While thinking about this other question, I realized that the following functions smoothSeq and smoothSeq'
smoothSeq :: (Integer, Integer, Integer) -> [Integer]
smoothSeq (a, b, c) = result
where
result = 1 : union timesA (union timesB timesC)
timesA = map (* a) $ result
timesB = map (* b) $ result
timesC = map (* c) $ result
smoothSeq' :: (Integer, Integer, Integer) -> [Integer]
smoothSeq' (a, b, c) = 1 : union timesA (union timesB timesC)
where
timesA = map (* a) $ smoothSeq' (a, b, c)
timesB = map (* b) $ smoothSeq' (a, b, c)
timesC = map (* c) $ smoothSeq' (a, b, c)
-- | Merge two sorted sequences discarding duplicates.

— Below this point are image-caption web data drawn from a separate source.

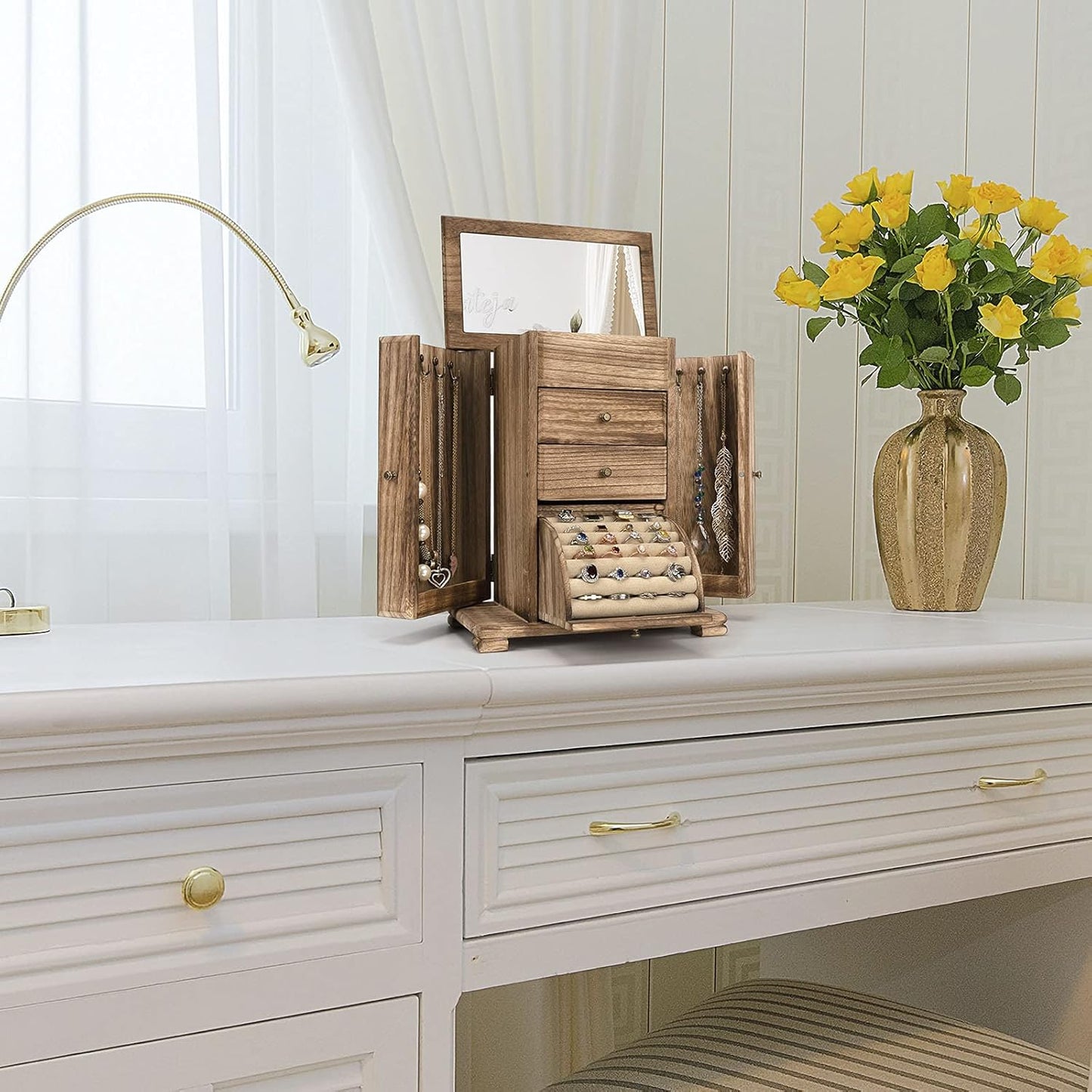 Jewelry Box for Women, Rustic Wooden Jewelry Boxes & Organizers with Mirror, 4 Layer Jewelry Organizer Box Display for Rings Earrings Necklaces Bracelets (Rustic Brown)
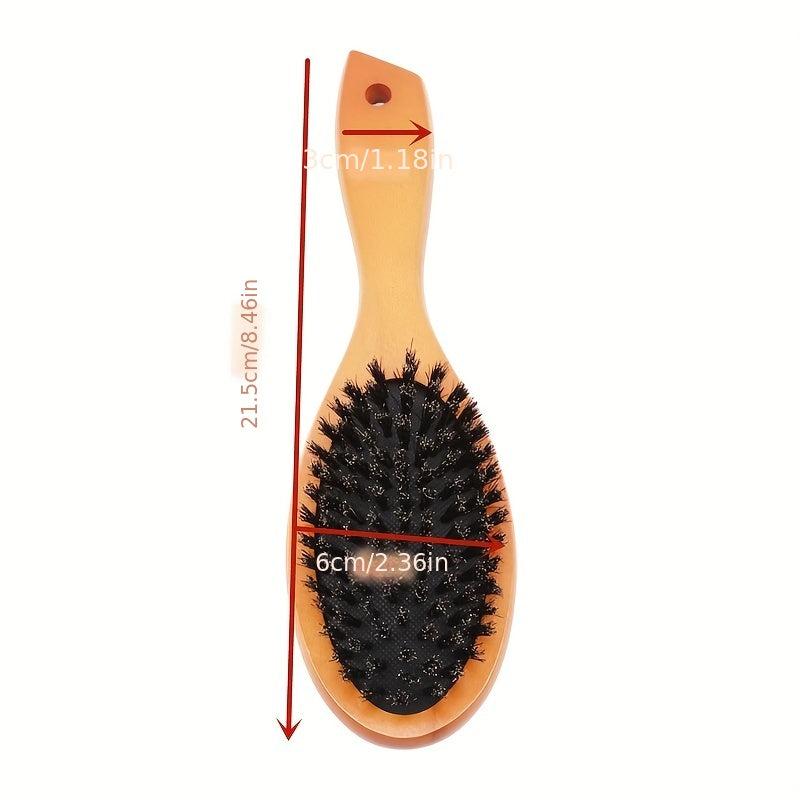 Anti Static Light Brown Boar Bristle Hair Brush for Scalp Massage
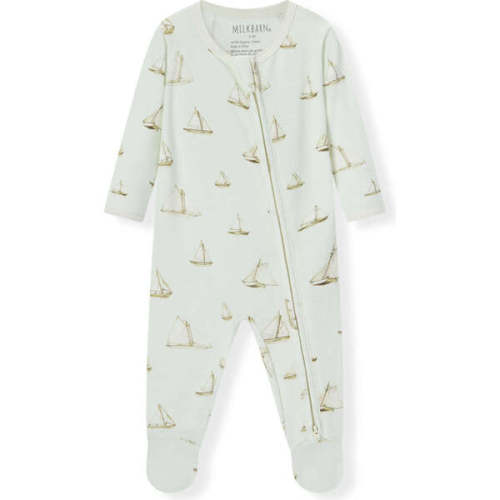 Sailboat Melody Organic Cotton Zipper Footed Romper - Milkbarn Kids | Maisonette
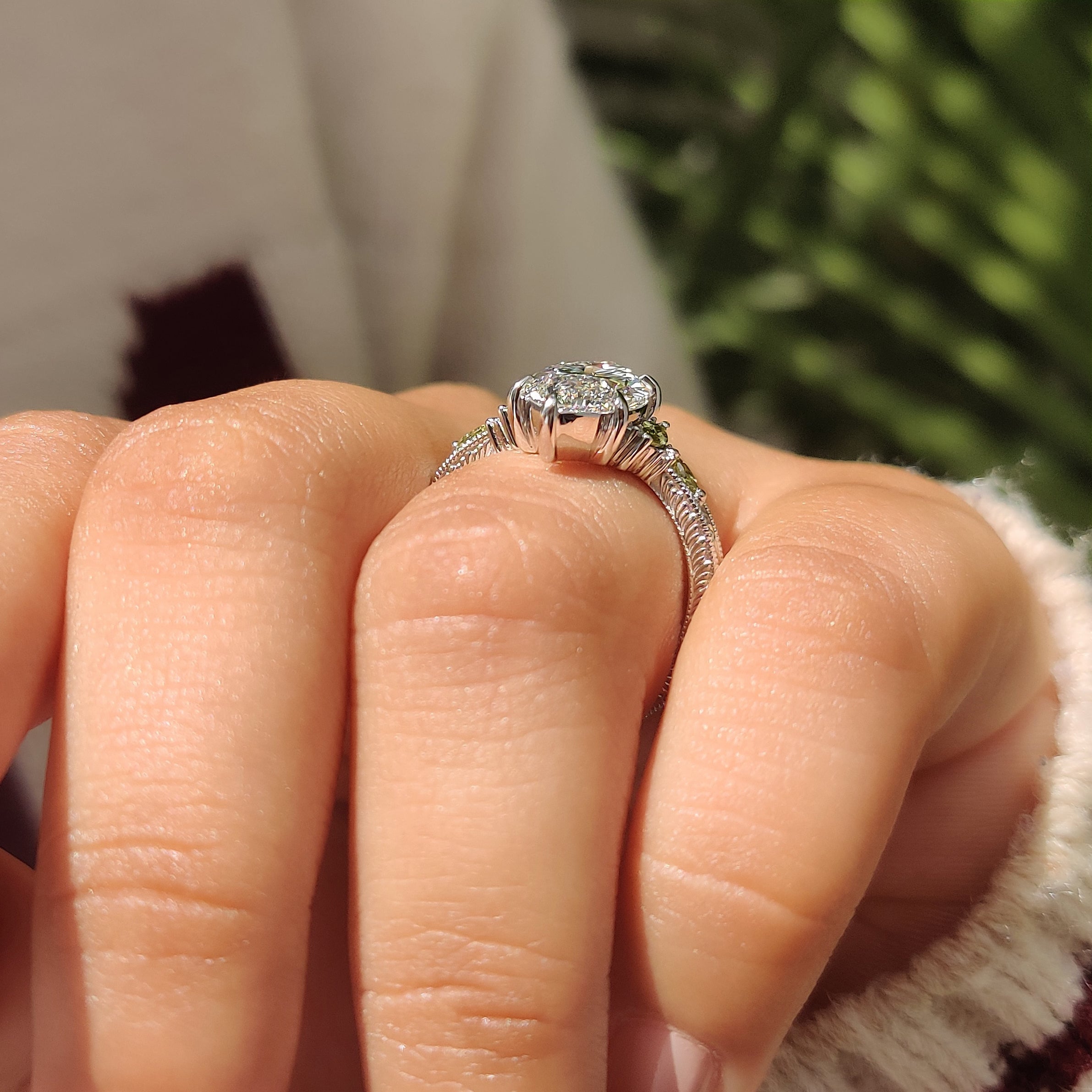 Marquise diamond ring with art deco and milgrain details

union :: (Ord a) => [a] -> [a] -> [a]
union [] ys = ys
union xs [] = xs
union (x : xs) (y : ys)
| x < y = x : union xs (y : ys)
| x > y = y : union (x : xs) ys
| otherwise = x : union xs ys
have drastically different performance characteristics:
ghci> smoothSeq (2,3,5) !! 500
944784
(0.01 secs, 311,048 bytes)
ghci> smoothSeq' (2,3,5) !! 500
944784
(11.53 secs, 3,745,885,224 bytes)
My impression is that smoothSeq is linear in memory and time (as was regularSeq) because result is shared in the recursive definition, whereas smoothSeq' is super-linear because the recursive function definition spawns a tree of computations that independently recompute multiple times the previous terms of the sequence (there is no sharing/memoization of the previous terms; similar to naive Fibonacci).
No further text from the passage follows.